About this task —
Return exactly, and only, the lines from the line containing "this 474×318 image." through the final line of the records below, both included.

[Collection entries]
....

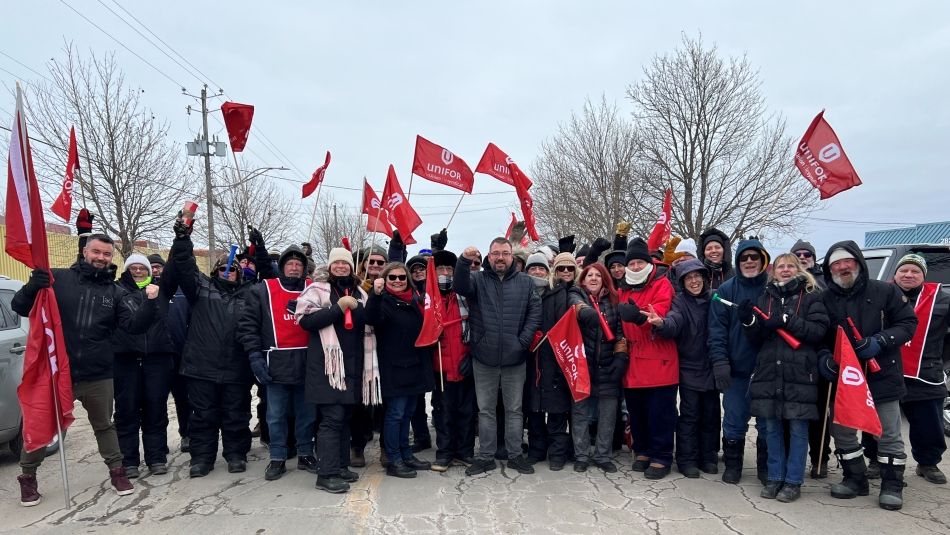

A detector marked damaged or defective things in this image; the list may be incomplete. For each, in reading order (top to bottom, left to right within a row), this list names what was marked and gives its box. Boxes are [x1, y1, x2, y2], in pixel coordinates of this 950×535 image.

cracked pavement [1, 404, 950, 532]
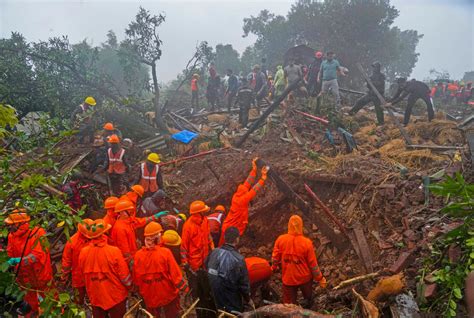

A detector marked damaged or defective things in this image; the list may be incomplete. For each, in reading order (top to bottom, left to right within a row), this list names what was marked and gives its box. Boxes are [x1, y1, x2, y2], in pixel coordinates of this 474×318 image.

broken wood plank [235, 80, 302, 148]
broken wood plank [356, 63, 412, 145]
broken wood plank [60, 150, 91, 174]
broken wood plank [256, 159, 348, 251]
broken wood plank [306, 184, 350, 238]
broken wood plank [354, 222, 372, 272]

....

Result of the task —
A detector marked damaged or defective things in this image; the list may be incomplete. For each, in reading order (top to bottom, left to right within a row), this list names what was marked and gives its box. Boxes are [x1, y1, x2, y2], in pixel coordinates of this 474×318 image.

broken wood plank [235, 80, 302, 148]
broken wood plank [356, 63, 412, 145]
broken wood plank [60, 150, 91, 174]
broken wood plank [256, 159, 348, 251]
broken wood plank [306, 184, 350, 238]
broken wood plank [354, 222, 372, 272]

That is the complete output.